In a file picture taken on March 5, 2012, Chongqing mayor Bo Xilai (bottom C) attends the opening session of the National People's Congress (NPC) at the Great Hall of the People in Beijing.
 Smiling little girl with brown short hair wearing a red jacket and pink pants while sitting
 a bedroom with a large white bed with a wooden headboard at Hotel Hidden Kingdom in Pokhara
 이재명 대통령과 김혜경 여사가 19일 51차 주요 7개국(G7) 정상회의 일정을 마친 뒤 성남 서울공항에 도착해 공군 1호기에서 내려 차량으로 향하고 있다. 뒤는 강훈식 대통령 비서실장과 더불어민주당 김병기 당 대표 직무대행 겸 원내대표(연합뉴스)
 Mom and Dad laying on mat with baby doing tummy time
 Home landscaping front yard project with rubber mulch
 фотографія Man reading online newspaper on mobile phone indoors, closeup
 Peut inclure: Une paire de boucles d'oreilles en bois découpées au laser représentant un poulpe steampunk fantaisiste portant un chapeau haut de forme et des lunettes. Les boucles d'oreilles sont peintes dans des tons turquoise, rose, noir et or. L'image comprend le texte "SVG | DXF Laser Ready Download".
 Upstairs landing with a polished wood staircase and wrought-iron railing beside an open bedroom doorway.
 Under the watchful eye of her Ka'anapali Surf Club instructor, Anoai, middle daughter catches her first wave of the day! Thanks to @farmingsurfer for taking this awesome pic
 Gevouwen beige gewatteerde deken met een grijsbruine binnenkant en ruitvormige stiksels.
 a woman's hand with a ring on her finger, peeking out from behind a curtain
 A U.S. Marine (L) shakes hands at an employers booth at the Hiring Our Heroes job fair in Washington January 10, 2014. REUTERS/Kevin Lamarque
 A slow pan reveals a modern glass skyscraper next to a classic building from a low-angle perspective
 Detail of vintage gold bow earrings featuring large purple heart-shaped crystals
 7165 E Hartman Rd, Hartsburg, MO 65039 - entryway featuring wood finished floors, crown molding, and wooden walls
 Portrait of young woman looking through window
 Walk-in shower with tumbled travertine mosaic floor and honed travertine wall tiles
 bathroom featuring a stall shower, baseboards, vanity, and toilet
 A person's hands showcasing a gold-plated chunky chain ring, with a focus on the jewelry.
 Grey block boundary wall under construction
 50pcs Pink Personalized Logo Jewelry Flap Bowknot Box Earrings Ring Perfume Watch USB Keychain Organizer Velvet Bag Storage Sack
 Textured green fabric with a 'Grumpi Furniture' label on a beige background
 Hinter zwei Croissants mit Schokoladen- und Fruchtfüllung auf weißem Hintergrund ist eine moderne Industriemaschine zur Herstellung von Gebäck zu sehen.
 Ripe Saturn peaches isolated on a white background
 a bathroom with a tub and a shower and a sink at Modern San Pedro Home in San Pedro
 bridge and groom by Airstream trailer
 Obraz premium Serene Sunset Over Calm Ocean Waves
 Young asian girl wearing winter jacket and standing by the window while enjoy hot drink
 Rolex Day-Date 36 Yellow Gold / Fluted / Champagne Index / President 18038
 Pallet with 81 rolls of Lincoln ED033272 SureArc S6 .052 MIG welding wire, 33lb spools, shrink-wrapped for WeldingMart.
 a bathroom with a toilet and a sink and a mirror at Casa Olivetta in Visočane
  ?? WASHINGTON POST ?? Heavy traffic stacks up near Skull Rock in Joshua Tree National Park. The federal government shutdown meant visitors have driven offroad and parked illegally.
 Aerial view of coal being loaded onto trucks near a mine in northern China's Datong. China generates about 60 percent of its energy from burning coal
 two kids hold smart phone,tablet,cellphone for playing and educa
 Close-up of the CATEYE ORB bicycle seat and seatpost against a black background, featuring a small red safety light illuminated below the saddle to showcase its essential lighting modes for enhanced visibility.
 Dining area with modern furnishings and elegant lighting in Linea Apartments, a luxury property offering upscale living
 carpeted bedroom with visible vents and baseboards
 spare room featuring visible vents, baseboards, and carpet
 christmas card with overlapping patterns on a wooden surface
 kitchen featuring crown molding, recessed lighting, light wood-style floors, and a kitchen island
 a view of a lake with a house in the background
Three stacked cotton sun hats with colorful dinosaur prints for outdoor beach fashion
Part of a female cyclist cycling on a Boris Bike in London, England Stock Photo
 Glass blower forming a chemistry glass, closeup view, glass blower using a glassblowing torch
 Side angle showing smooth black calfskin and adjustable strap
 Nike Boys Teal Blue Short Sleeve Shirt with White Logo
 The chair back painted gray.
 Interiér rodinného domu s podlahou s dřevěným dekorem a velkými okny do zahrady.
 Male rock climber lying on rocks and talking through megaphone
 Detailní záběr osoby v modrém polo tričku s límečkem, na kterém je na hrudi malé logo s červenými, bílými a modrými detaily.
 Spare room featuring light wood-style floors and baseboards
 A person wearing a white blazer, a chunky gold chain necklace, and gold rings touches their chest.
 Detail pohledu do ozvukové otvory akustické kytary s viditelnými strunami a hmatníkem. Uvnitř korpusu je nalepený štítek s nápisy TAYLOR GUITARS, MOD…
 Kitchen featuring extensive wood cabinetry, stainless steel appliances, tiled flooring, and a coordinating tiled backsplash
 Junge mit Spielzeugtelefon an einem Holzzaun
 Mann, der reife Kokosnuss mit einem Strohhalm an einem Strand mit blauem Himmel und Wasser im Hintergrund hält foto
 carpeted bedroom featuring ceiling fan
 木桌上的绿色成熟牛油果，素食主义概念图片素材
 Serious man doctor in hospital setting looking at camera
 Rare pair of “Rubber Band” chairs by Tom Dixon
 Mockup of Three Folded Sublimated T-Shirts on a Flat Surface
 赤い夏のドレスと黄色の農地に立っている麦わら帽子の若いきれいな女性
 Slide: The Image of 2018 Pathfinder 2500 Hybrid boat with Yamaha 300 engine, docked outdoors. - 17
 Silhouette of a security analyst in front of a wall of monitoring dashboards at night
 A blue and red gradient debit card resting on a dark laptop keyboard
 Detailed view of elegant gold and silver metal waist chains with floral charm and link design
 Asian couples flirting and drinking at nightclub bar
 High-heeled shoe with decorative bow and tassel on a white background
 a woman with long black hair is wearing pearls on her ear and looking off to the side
###
**Exercise objective**
Exactly as written, please transcribe the lines from the start of the records above to the line that holds "Grey block boundary wall under construction", both ends included.

**Written solution**
In a file picture taken on March 5, 2012, Chongqing mayor Bo Xilai (bottom C) attends the opening session of the National People's Congress (NPC) at the Great Hall of the People in Beijing.
 Smiling little girl with brown short hair wearing a red jacket and pink pants while sitting
 a bedroom with a large white bed with a wooden headboard at Hotel Hidden Kingdom in Pokhara
 이재명 대통령과 김혜경 여사가 19일 51차 주요 7개국(G7) 정상회의 일정을 마친 뒤 성남 서울공항에 도착해 공군 1호기에서 내려 차량으로 향하고 있다. 뒤는 강훈식 대통령 비서실장과 더불어민주당 김병기 당 대표 직무대행 겸 원내대표(연합뉴스)
 Mom and Dad laying on mat with baby doing tummy time
 Home landscaping front yard project with rubber mulch
 фотографія Man reading online newspaper on mobile phone indoors, closeup
 Peut inclure: Une paire de boucles d'oreilles en bois découpées au laser représentant un poulpe steampunk fantaisiste portant un chapeau haut de forme et des lunettes. Les boucles d'oreilles sont peintes dans des tons turquoise, rose, noir et or. L'image comprend le texte "SVG | DXF Laser Ready Download".
 Upstairs landing with a polished wood staircase and wrought-iron railing beside an open bedroom doorway.
 Under the watchful eye of her Ka'anapali Surf Club instructor, Anoai, middle daughter catches her first wave of the day! Thanks to @farmingsurfer for taking this awesome pic
 Gevouwen beige gewatteerde deken met een grijsbruine binnenkant en ruitvormige stiksels.
 a woman's hand with a ring on her finger, peeking out from behind a curtain
 A U.S. Marine (L) shakes hands at an employers booth at the Hiring Our Heroes job fair in Washington January 10, 2014. REUTERS/Kevin Lamarque
 A slow pan reveals a modern glass skyscraper next to a classic building from a low-angle perspective
 Detail of vintage gold bow earrings featuring large purple heart-shaped crystals
 7165 E Hartman Rd, Hartsburg, MO 65039 - entryway featuring wood finished floors, crown molding, and wooden walls
 Portrait of young woman looking through window
 Walk-in shower with tumbled travertine mosaic floor and honed travertine wall tiles
 bathroom featuring a stall shower, baseboards, vanity, and toilet
 A person's hands showcasing a gold-plated chunky chain ring, with a focus on the jewelry.
 Grey block boundary wall under construction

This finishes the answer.